The steps to do this should be limited to certain numbers so that it can be done. It is recommended to reduce the purchase steps to 3 steps, in such a way that we divide our capital into 4 unequal parts: 1, 2, 4 and 8. They are used at each stage of purchase (that is, your total capital is divided into 15 parts and one of these coefficients is used at each stage of purchase: for example, 15 million is divided into 1 million, 2 million, 4 million and 8 million).

With this division, if your initial purchase price decreases, you divide your loss limit into 3 parts, and every time the price reaches one of these 3 parts, you make the next step of your purchase.

As a result, you have met the loss limit, and if it is not activated and the share price grows from any price (both the first purchase and the last purchase), your purchase price is optimized, and with the first growth, your entire purchase will be in profit.

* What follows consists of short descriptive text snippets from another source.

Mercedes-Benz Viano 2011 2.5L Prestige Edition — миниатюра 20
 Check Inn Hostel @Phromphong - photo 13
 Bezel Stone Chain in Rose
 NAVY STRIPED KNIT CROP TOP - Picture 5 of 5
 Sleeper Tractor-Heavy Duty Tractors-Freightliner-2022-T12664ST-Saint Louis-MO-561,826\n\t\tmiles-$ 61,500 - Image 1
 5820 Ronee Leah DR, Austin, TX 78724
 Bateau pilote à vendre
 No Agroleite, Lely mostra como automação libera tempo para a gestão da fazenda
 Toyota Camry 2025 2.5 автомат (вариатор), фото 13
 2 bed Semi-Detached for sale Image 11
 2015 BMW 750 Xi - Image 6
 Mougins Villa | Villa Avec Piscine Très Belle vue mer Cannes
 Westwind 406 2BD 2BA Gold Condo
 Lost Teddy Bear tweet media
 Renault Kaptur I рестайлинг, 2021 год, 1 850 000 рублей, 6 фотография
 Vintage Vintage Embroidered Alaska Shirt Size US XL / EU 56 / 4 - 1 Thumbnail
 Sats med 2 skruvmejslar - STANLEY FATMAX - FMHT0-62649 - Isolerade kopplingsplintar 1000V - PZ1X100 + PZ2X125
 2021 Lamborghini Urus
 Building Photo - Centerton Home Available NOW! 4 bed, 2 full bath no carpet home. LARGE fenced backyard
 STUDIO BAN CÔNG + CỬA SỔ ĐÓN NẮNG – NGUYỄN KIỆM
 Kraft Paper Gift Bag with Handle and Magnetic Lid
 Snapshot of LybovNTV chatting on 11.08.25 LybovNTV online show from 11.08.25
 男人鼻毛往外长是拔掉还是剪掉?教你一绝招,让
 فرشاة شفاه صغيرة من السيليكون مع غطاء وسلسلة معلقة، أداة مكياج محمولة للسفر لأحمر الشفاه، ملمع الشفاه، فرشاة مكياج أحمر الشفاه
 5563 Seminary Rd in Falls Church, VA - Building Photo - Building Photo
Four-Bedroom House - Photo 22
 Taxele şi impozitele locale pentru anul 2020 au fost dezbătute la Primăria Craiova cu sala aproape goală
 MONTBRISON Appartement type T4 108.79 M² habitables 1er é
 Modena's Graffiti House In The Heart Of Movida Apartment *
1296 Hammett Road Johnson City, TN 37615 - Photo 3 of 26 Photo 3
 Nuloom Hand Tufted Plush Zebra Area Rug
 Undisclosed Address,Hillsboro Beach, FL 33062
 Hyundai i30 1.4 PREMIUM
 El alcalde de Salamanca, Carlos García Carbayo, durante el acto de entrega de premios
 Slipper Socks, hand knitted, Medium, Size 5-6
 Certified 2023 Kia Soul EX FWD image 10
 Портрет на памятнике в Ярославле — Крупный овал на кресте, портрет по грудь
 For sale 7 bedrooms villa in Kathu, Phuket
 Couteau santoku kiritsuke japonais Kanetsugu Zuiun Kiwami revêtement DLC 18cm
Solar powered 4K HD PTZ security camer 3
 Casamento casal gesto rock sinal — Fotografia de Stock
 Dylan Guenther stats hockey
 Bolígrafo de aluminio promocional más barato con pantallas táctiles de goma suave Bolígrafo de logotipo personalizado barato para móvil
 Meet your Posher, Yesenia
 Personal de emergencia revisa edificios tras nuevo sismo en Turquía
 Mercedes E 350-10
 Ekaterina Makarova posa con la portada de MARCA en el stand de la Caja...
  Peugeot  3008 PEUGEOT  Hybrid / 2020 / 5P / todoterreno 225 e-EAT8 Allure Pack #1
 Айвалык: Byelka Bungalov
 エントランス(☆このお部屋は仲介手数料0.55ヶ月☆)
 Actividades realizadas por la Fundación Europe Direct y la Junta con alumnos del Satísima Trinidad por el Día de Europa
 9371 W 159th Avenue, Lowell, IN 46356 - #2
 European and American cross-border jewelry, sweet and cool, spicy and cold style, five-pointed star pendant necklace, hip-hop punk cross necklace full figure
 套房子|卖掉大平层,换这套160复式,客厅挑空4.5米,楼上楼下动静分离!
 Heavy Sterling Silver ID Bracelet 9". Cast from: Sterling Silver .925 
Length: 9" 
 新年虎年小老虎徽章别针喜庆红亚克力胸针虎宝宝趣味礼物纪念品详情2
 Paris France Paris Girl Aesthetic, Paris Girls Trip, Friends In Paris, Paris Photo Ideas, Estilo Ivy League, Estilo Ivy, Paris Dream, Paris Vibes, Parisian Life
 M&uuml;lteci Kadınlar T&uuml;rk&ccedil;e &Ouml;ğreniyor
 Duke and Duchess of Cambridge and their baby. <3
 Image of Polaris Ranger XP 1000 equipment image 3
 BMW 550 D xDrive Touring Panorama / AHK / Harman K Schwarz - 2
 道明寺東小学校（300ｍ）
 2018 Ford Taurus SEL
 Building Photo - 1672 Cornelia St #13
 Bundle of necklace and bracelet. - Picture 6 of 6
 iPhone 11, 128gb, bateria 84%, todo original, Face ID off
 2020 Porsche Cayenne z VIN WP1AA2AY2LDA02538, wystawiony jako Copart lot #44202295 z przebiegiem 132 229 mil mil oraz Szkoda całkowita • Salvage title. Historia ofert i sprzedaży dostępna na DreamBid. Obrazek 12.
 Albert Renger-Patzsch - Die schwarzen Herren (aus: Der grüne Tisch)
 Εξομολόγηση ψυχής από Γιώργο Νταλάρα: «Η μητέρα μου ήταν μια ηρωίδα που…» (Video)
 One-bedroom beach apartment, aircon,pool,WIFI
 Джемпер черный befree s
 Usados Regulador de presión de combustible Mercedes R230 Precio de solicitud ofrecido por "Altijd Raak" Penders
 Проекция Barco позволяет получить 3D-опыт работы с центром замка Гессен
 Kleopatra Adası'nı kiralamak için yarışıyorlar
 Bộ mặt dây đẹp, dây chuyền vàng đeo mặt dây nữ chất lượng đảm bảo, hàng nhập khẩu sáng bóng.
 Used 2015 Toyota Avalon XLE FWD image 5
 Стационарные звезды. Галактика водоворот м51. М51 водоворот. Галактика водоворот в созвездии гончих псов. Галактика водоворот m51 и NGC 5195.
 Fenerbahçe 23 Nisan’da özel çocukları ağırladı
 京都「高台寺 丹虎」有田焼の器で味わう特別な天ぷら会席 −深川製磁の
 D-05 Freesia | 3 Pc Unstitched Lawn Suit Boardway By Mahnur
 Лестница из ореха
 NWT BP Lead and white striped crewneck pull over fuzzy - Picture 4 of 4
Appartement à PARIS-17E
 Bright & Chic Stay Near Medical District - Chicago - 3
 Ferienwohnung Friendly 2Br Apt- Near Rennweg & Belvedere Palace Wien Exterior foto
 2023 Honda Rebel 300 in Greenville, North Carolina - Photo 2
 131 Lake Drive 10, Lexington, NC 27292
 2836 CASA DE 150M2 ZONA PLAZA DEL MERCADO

Answer honestly: Do you need the Martingale method?


We intensify the trade by martingale. If you follow our tips, you will enjoy effective and unemotional trading. So trade smartly.


Only 1 more question remains: do you need a martingale?


Martingale is a type of capital management.

Maybe it’s just better to focus on your trading system:

Go ahead and work on 1 arrangement of candles.

Increase the percentage of successful transactions to 60%.

Use different timings for trading.

You will enjoy your prudent trades with more than 60% returns and your assets will gradually increase. Why rush when your account is in good standing?

And instead of inviting you to express your opinions, let me make another suggestion:

Manage your trades: Look for candles that support your analysis. Split your trades, have 2-3 entry points and reduce your loss limit and increase your profit limit.